Afinal, se o seu hipotético delito estaria no que diz (e escreve), é aí que deve ser questionada. A liberação de seu visto para deixar seu país foi apresentada como sinal de que Cuba, no fim das contas, não seria uma ditadura tão intolerável.
Só que a concessão do visto não foi exatamente uma concessão. Estava sendo constrangedor ao regime insistir em negá-lo, graças à projeção que Yoani conquistou internacionalmente.
O governo cubano decidiu então transformar a concessão numa cilada. Articulou-se com o governo brasileiro para que a recepção saísse pela culatra. O meio de que se serviu não poderia ser mais burro. Confirma o que de pior já se disse sobre aquele regime.
É um governo que teme mais a palavra do que a pólvora. O espantoso é que o governo brasileiro, que preside uma democracia, fincada na liberdade de expressão, se associe a tal prática.
A imprensa provou tal parceria, em que o governo brasileiro chegou a enviar emissário a Cuba para inteirar-se da logística da perseguição. Os adversários de Yoani querem responsabilizá-la pelo que não fez, nem defendeu: o embargo econômico dos EUA e a prisão de Guantánamo.
Que tem ela com isso, se nem nascida era quando tais fatos se consumaram? E que força tem para revertê-los se o próprio Obama, que se comprometeu com a causa, não o conseguiu? E ainda: quando foi que fez proselitismo favorável a tais temas?
Sua luta é a de uma cidadã cubana, inconformada em viver num país onde não há eleição há mais de cinco décadas, onde se pune com prisão, tortura e morte os delitos de opinião e onde o elementar direito de ir e vir cabe apenas aos amigos do regime.
Alguns hão de argumentar: "Como, se ela está no Brasil e cumprirá agenda de visita a outros países?". Sim, mas a que preço! O que afinal os adversários de Yoani tanto temem que ela diga que já não tenha dito (e escrito)?
Se é agente da CIA – e seria caso único de um agente cuja missão é se expor -, a melhor ocasião de prová-lo e desmoralizá-la é pelo debate.

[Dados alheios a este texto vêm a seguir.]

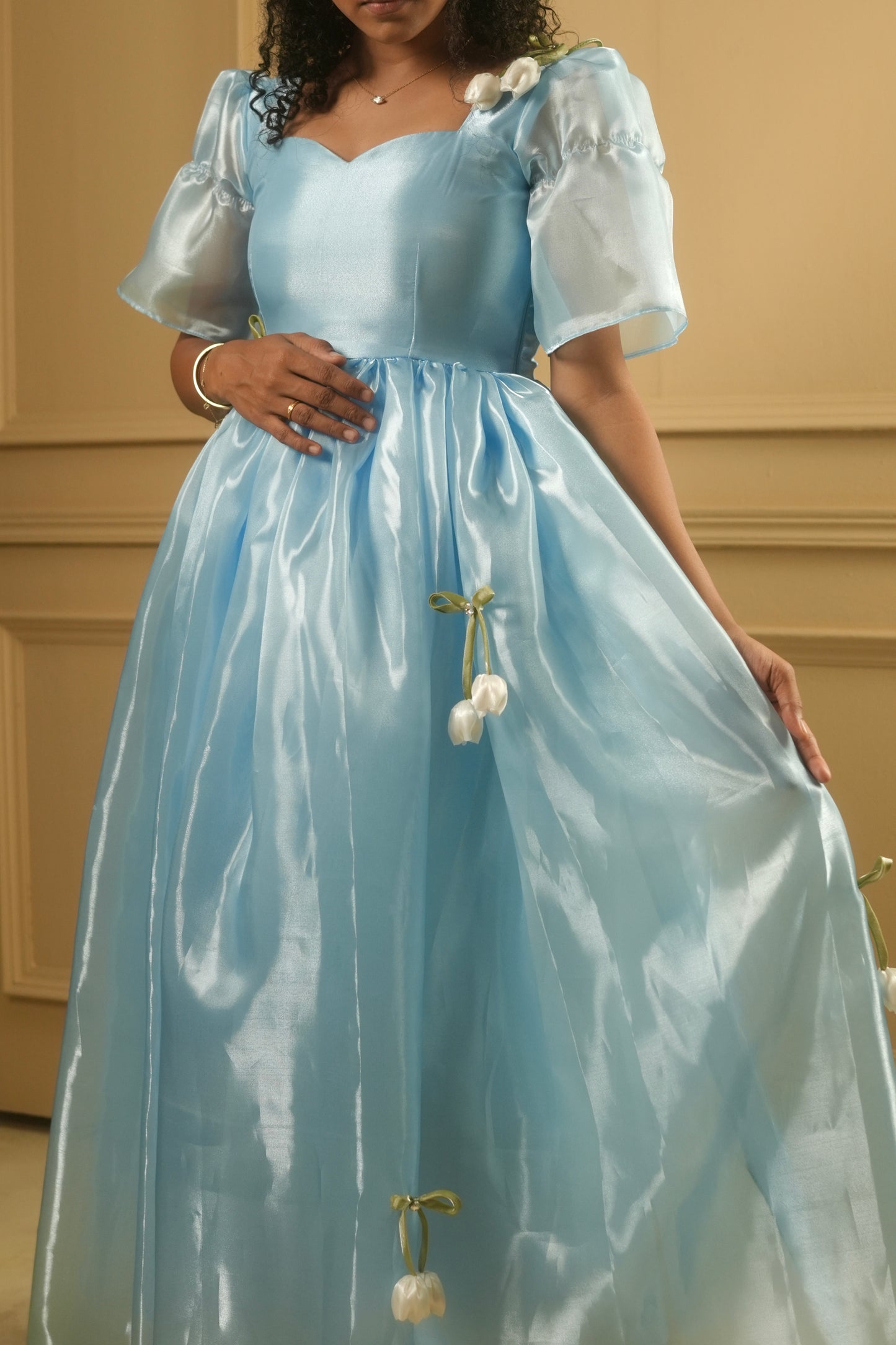 Princess Elsa Dress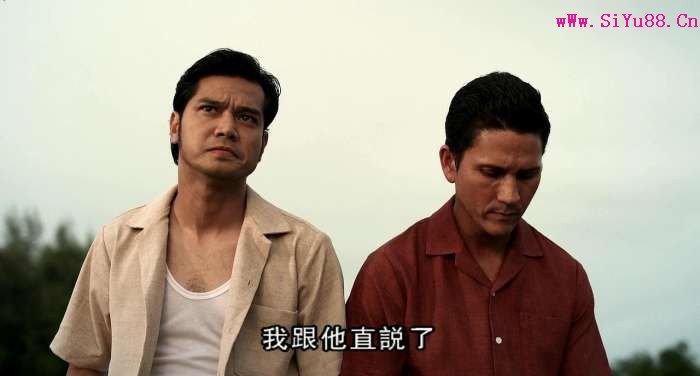 泰国黑帮的介绍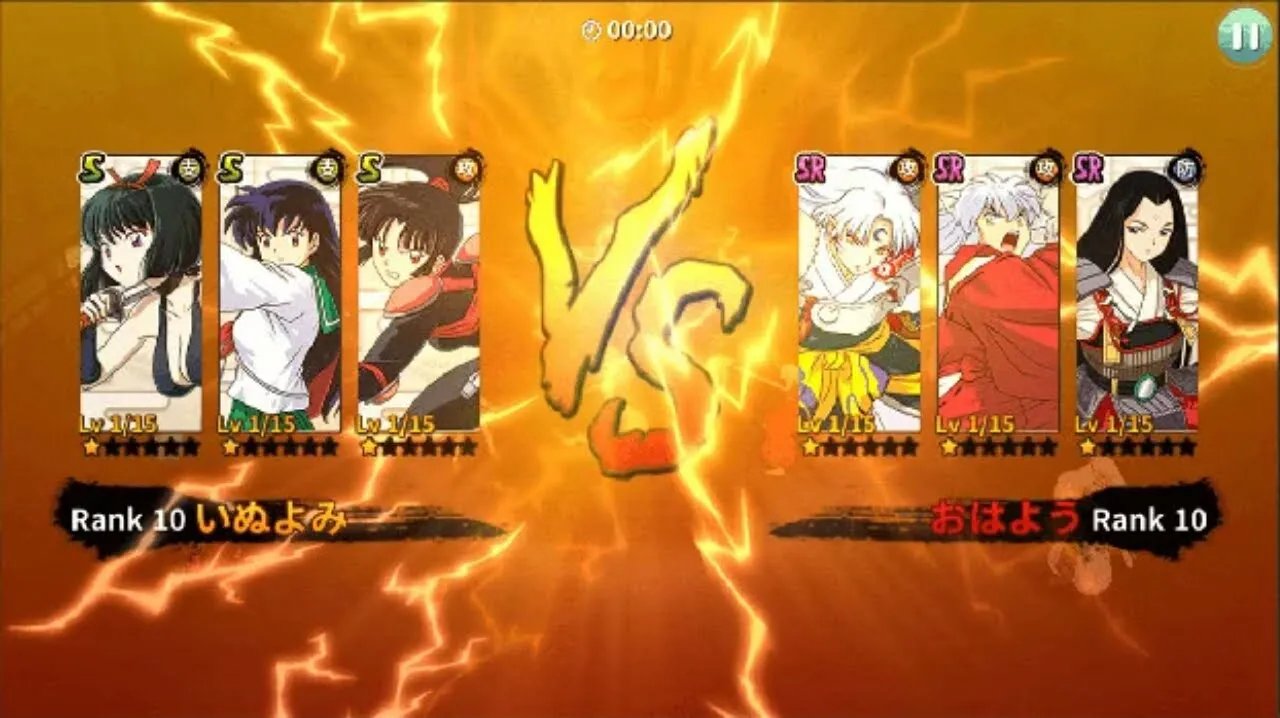 Anime Inuyasha Dapatkan RPG Smartphone Tahun Ini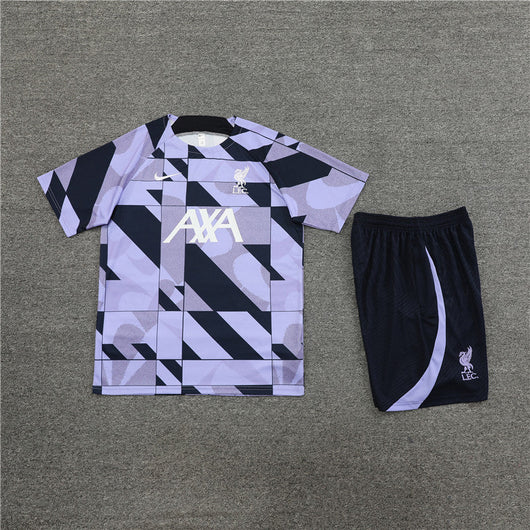 Liverpool Shorts Set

Há quem tente apontar na mobilização oposicionista para defendê-la um sinal de que estaria articulada para impor ao regime cubano o desgaste que está ocorrendo.

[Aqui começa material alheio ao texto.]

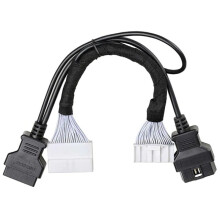 FP-30 Cable for 30 PIN Cable 4A 8A-BA Proximity All Keys Lost Bypass PIN Used with X300 DP /G3/X300 Pro4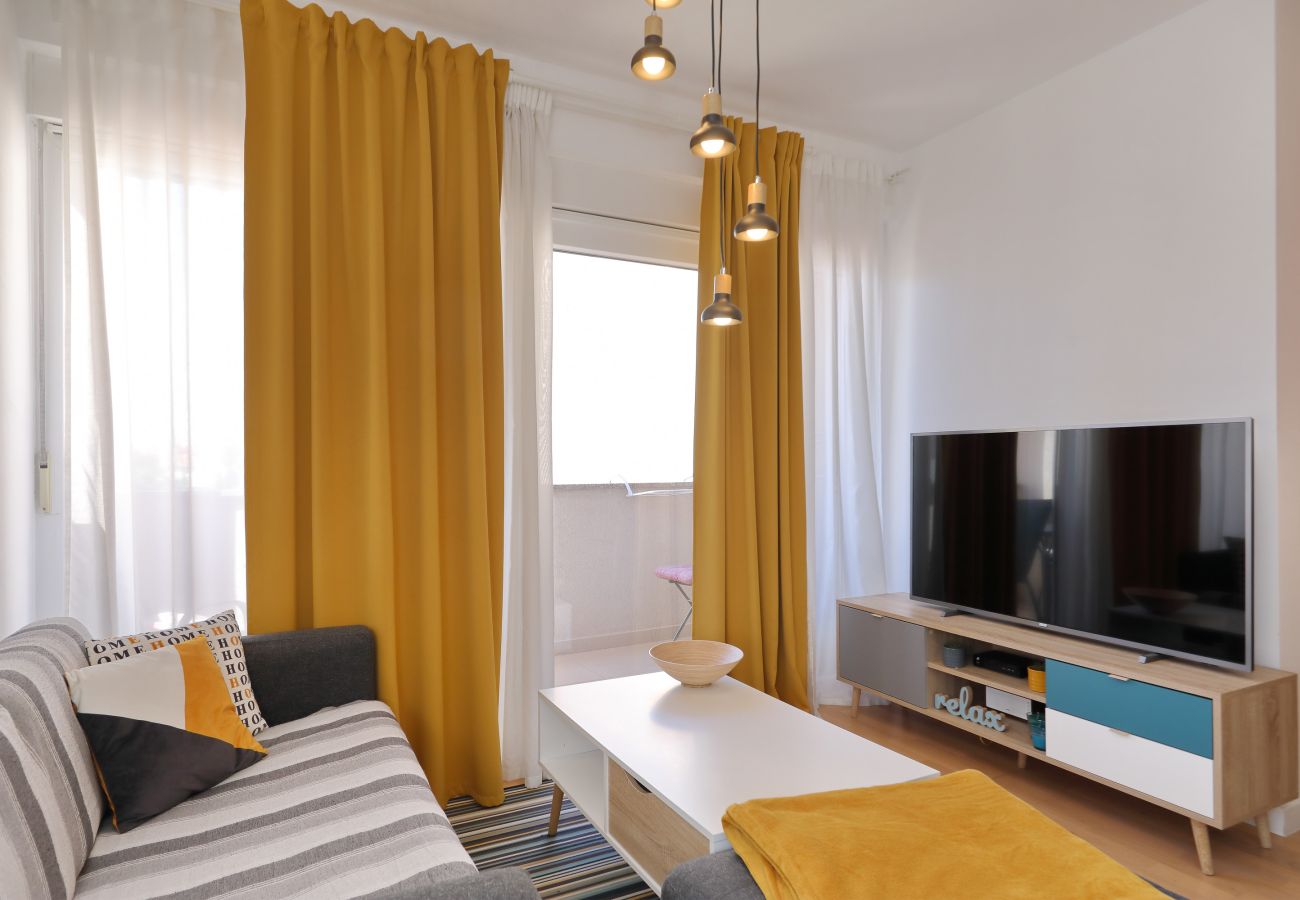 Ferienwohnung in Zadar - Ferienwohnung Bajana in zentraler Lage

Ora, que oposição ficaria indiferente a uma manobra tão patética como esta, que, além de submeter o país ao comando moral de outro, o expõe internacionalmente como cúmplice de uma ditadura cinquentenária?
E não é a primeira vez que o governo do PT, que celebrou esta semana sua primeira década no poder, age dessa forma, a serviço de um regime que resiste à democratização.
Houve, em 2007, por ocasião do Pan-americano, o caso de deportação de dois boxeadores cubanos que se desligaram da delegação de seu país e pediram asilo ao governo brasileiro.
Já com relação ao terrorista Cesare Battisti, condenado em última instância pelo Judiciário italiano, o governo não hesitou em violar um tratado de extradição e mantê-lo em território brasileiro. Os boxeadores não eram criminosos, nem estavam condenados, mas foram tratados como se o fossem; Battisti, mesmo condenado, foi tratado como vítima.
Lula, em território cubano, comparou presos políticos, em greve de fome, a bandidos comuns de São Paulo. E Dilma disse que direitos humanos são questão de âmbito interno dos países e que o Brasil não tem autoridade nessa questão para julgar Cuba.
Some-se a isso a inconformidade do PT em absorver a condenação dos mensaleiros e as reiteradas tentativas de regulamentar a mídia e tem-se aí, claramente, um projeto autoritário em marcha. O que a militância da esquerda faz com Yoani é o que quer fazer com a liberdade de expressão aqui mesmo.